Repair work planned today for stalled water system gear
BY WILLIAM HARWOOD
STORY WRITTEN FOR CBS NEWS "SPACE PLACE" & USED WITH PERMISSION
Posted: November 23, 2008
Space station commander Mike Fincke and Endeavour astronaut Don Pettit will attempt repairs today that may resolve on-going problems with the station's newly installed urine recycling equipment. The rest of the shuttle crew, meanwhile, will enjoy a half-day off this morning before making preparations for a fourth and final spacewalk Monday by astronauts Stephen Bowen and Robert "Shane" Kimbrough.
Fincke, shuttle commander Christopher Ferguson and pilot Eric Boe will participate in round-robin network interviews beginning at 4:05 p.m. followed by NASA's daily mission status briefing at 4:30 p.m.
One of the major goals of Endeavour's mission was to deliver, install and activate a new water recovery system designed to convert condensate and urine into potable water for drinking, meal preparation, personal hygiene and oxygen generation. An operational recycling system is required before NASA can boost station crew size from three to six next May, a long-awaited milestone in the lab's evolution.

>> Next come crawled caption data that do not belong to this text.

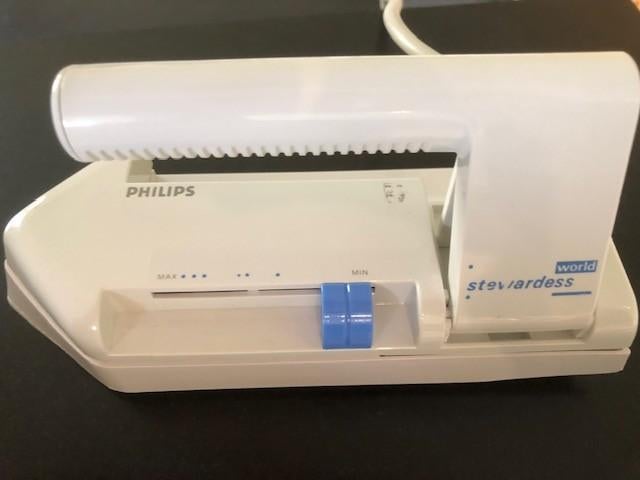 Philips strijkijzertje voor op reis, Elektronische apparatuur, Strijkijzers en Strijkplanken, Ophalen, Zo goed als nieuw, Strijkijzer met snoer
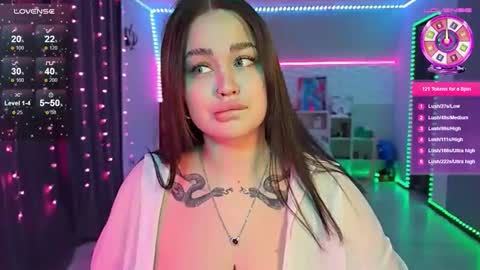 Mia online show from 02.25.26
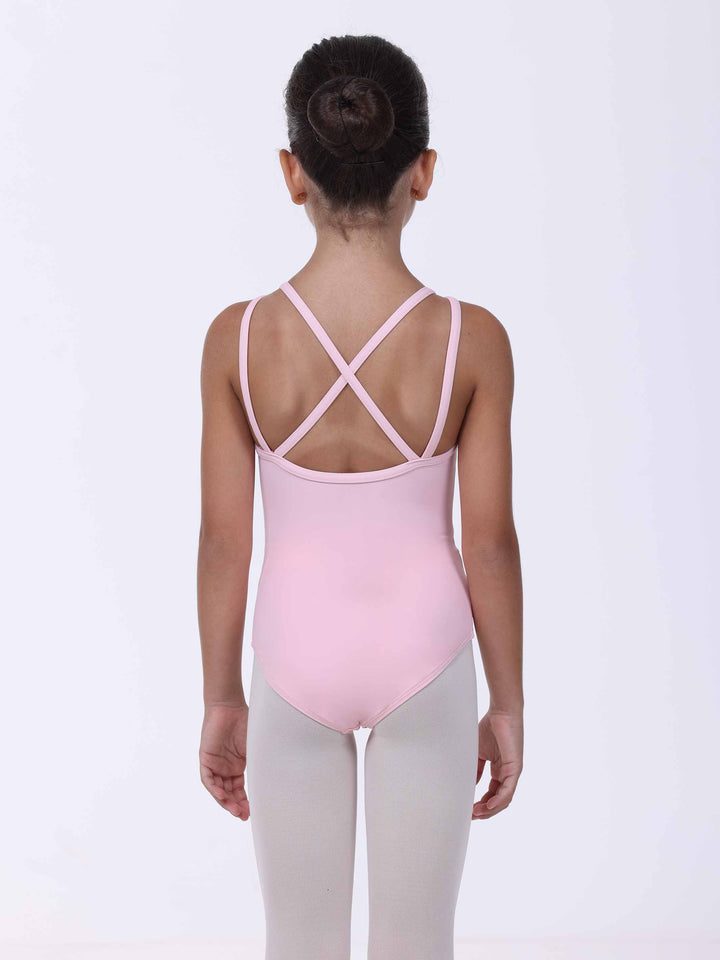 Personne portant un justaucorps rose clair avec des bretelles croisées sur un fond blanc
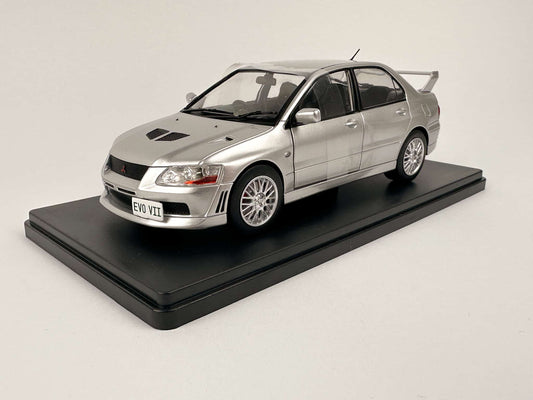 Mitsubishi Lancer Evolution VII - 1/24 Whitebox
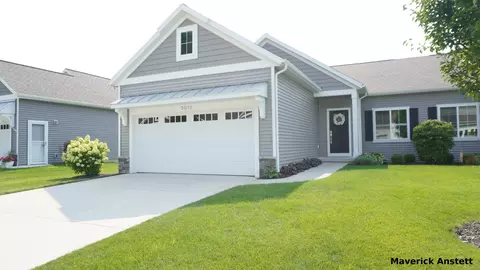 5917 Gleneagle Trl, Hudsonville, MI 49426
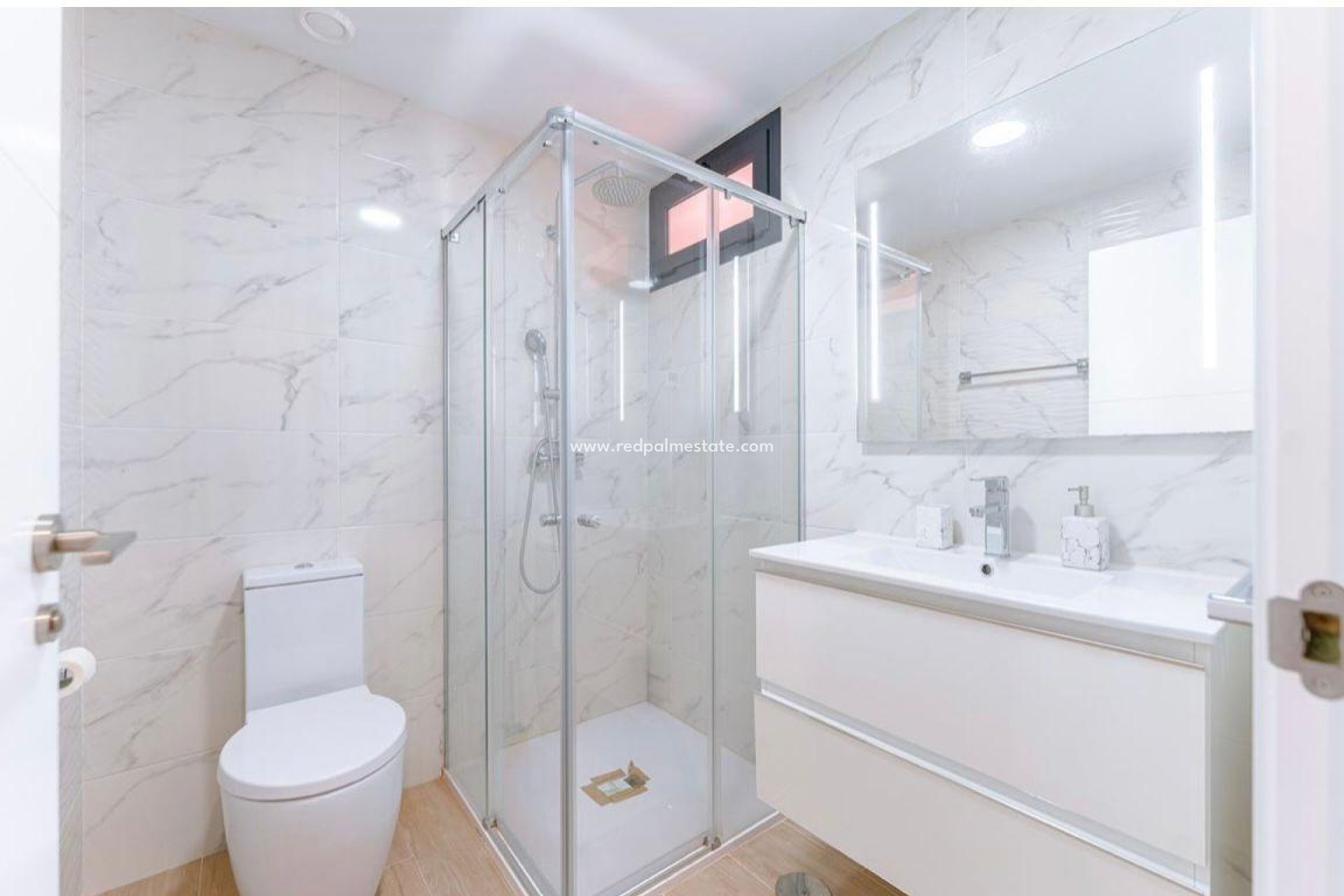 Resale - Apartments -
Orihuela Costa - Villamartín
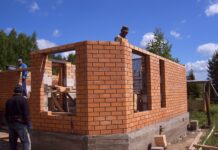 Этапы строительства кирпичных домов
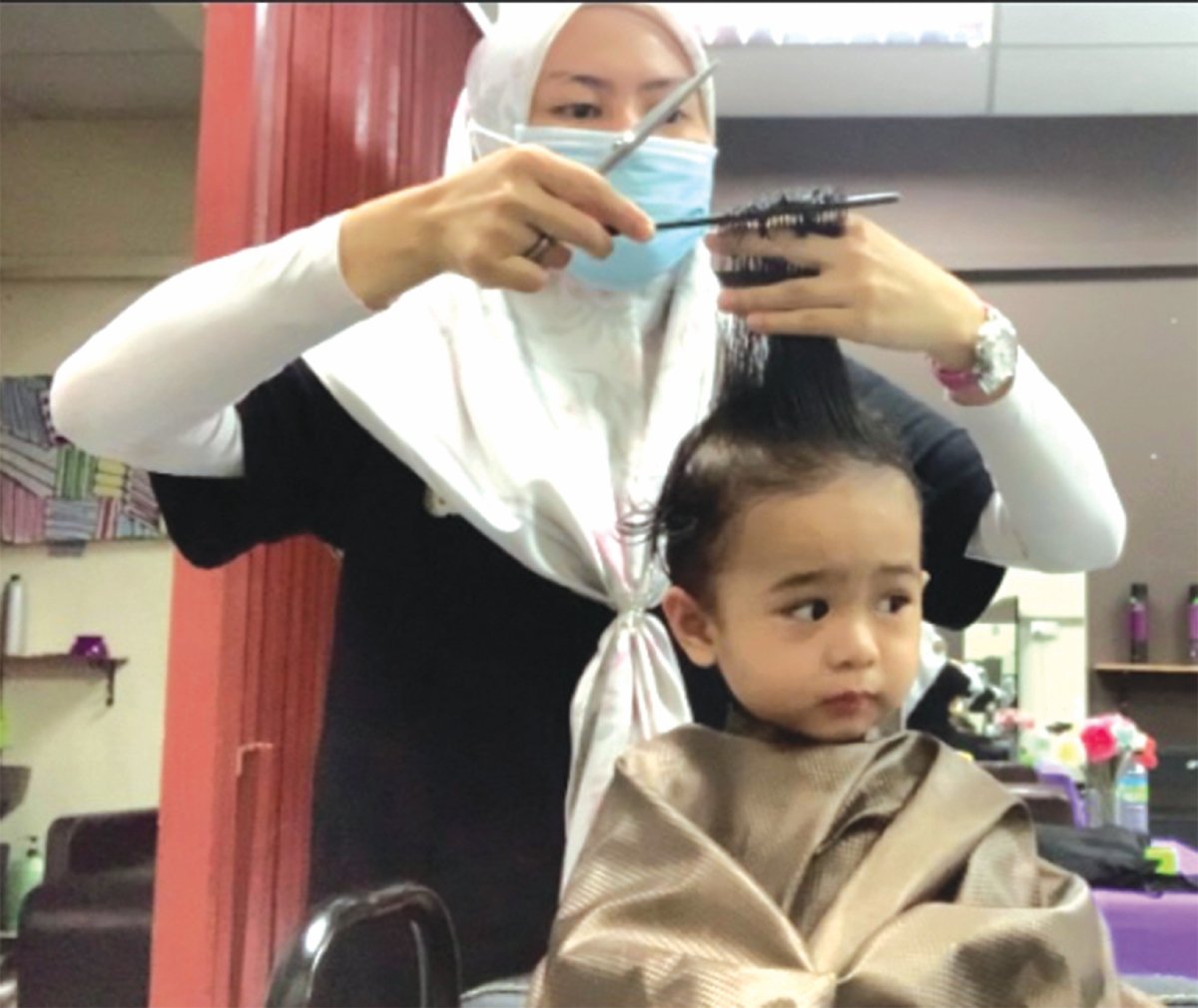 PERLU pastikan jenis rambut kanak-kanak sebelum membuat keputusan menggunakan peralatan pemotong rambut.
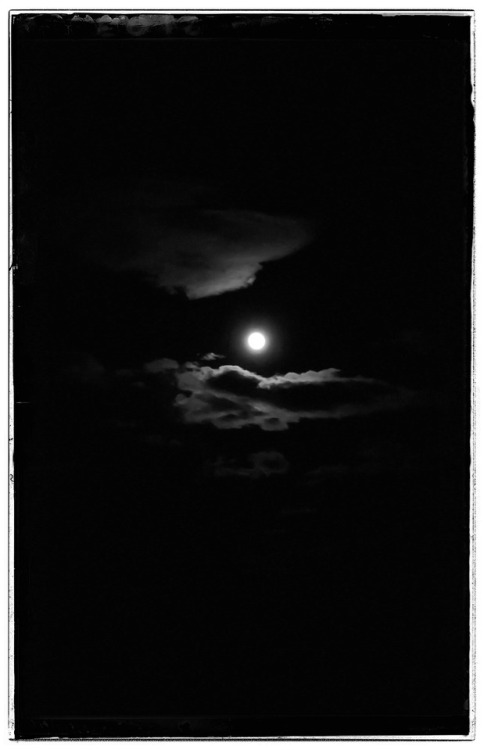 periscope-9: This lonely moon. By Periscope9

The installation went smoothly, but engineers have been troubleshooting potentially serious problems with the urine processor assembly. After about two hours of operation, the motor powering a centrifuge in the UPA's vacuum distillation sub-assembly shuts down, apparently because of thermal expansion that causes a speed sensor to come in contact with the centrifuge.
The astronauts managed to coax a urine sample through the system Saturday by running it for about an hour and 45 minutes at a time. That sample, and a condensate sample, will be returned to Earth aboard Endeavour for a detailed chemical analysis.
It's a bit confusing as to what engineers believe is actually causing the UPA problem. Flight director Ginger Kerrick said late Saturday that telemetry indicates the problem occurs because of thermal expansion that causes a speed sensor to come in contact with the centrifuge after the system warms up. That causes the motor to work harder and draw more current, triggering a shut down.
One possible solution, she said, was to remove the vibration dampers the centrifuge is mounted on. By "hard mounting" the unit to its shelf in the water recovery system rack, engineers believe they can eliminate a frequency mode that contributes to the problem. How that relates to thermal expansion, however, is not clear.
In any case, Fincke and Pettit plan to remove the vibration dampers today starting around 12:55 p.m. Once the unit is locked down on its shelf, flight controllers then will carry out additional tests to determine if that resolved the problem.
"Yesterday, we successfully collected the first set of samples from the water recovery system, so that was a big milestone," Flight Director Brian Smith said early today. "That accomplishment is sometimes overshadowed by the attention being received to the urine processing assembly that we're still having some trouble with. So it should be noted we had a very successful run of the water processing assembly and we were able to collect our samples."
Smith then added that "the water processing assembly did experience an issue and it did go into a shutdown mode. We're looking into that. This may not prove to be that significant a problem, but we're going to play close attention to it."
Whether Smith was referring to a new problem with a different part of the system or reprising the UPA trouble was not immediately known. The NASA commentator interviewing Smith in mission control did not follow up and no additional details were immediately available.
As for the UPA repair, Smith said the work to lock down the distillation sub-assembly is relatively straight forward.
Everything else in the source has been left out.